Bogor24Update – Festival Teater Kala resmi dibuka di Auditorium Bima Arya, Perpustakaan dan Galeri Kota Bogor, pada Sabtu, 4 Oktober 2025. Acara ini diselenggarakan oleh Amerta Art House bekerja sama dengan Dinas Pariwisata dan Kebudayaan Kota Bogor, Dinas Arsip dan Perpustakaan Kota Bogor, serta REKA Bogor.
Kegiatan dibuka dengan tur Galeri Bumi Parawira, galeri arsip sejarah pertama di Kota Bogor yang menyimpan berbagai lukisan dan instalasi bertema kesejarahan. Tur ini diharapkan dapat menjadi sumber inspirasi bagi para peserta dalam proses alih wahana cerita sejarah ke bentuk pertunjukan teater.
Dalam sambutannya, Ketua REKA Bogor, Georgian Marcello, menegaskan pentingnya keberadaan Galeri Bumi Parawira sebagai ruang edukasi dan ekspresi.
“Galeri ini bukan hanya tempat seni, tetapi juga arsip cerita. Dari sinilah sejarah bisa hidup kembali, termasuk lewat panggung teater,” ujarnya.

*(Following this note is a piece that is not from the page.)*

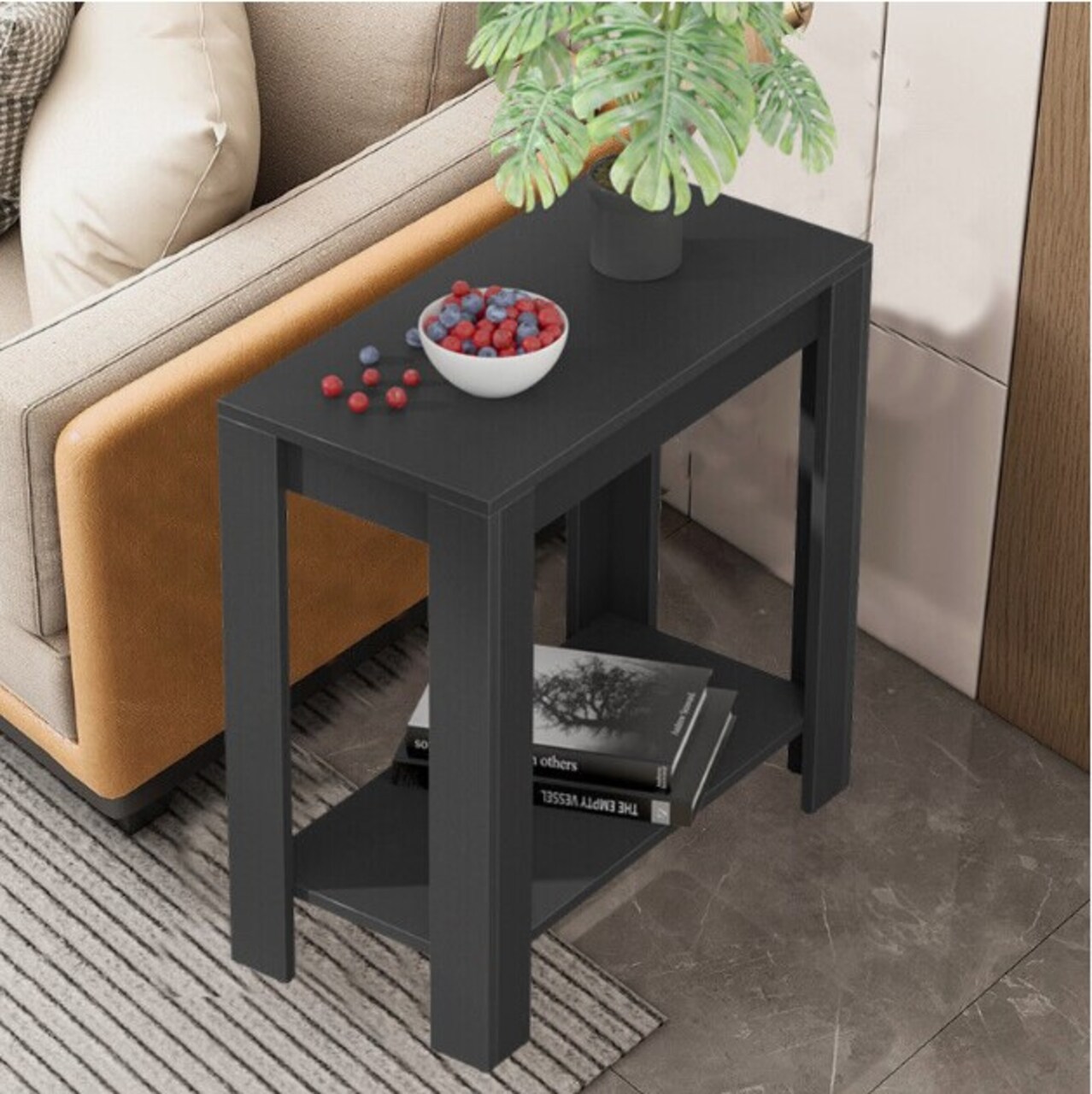 Narrow Couch Bedside Tables Nightstand Slim Accent Table Home 2 Tier End Table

Georgian menambahkan bahwa tema “Menukil Sejarah dari Sisi Lain” menjadi jembatan antara sejarah lokal dan seni pertunjukan modern, mengajak generasi muda melihat sejarah dengan perspektif baru.

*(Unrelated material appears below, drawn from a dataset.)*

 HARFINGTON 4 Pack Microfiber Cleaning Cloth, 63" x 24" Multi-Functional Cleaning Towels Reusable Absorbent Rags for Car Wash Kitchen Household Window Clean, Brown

Sementara itu, Kepala Bidang Ekonomi Kreatif Dinas Pariwisata dan Kebudayaan Kota Bogor, Ervin Yulianto, menyampaikan dukungan penuh pemerintah kota terhadap penyelenggaraan festival.
“Kami berharap kegiatan seperti ini menjadi agenda tahunan, karena membuka ruang bagi pelajar untuk mengenal sejarah sekaligus berkarya,” ucapnya.
Budayawan, Sanusi, akrab disapa Pak Uci, turut mengapresiasi lahirnya kembali kegiatan teater di Kota Bogor. Ia mengenang masa ketika geliat teater pelajar di Bogor sempat mencapai puncaknya melalui Festival Drama Juang pada kurun waktu 2010-2019.
“Kita memang belum punya gedung pertunjukan yang ideal, tapi semangat berkarya tidak boleh padam. Teater harus terus tumbuh,” tuturnya.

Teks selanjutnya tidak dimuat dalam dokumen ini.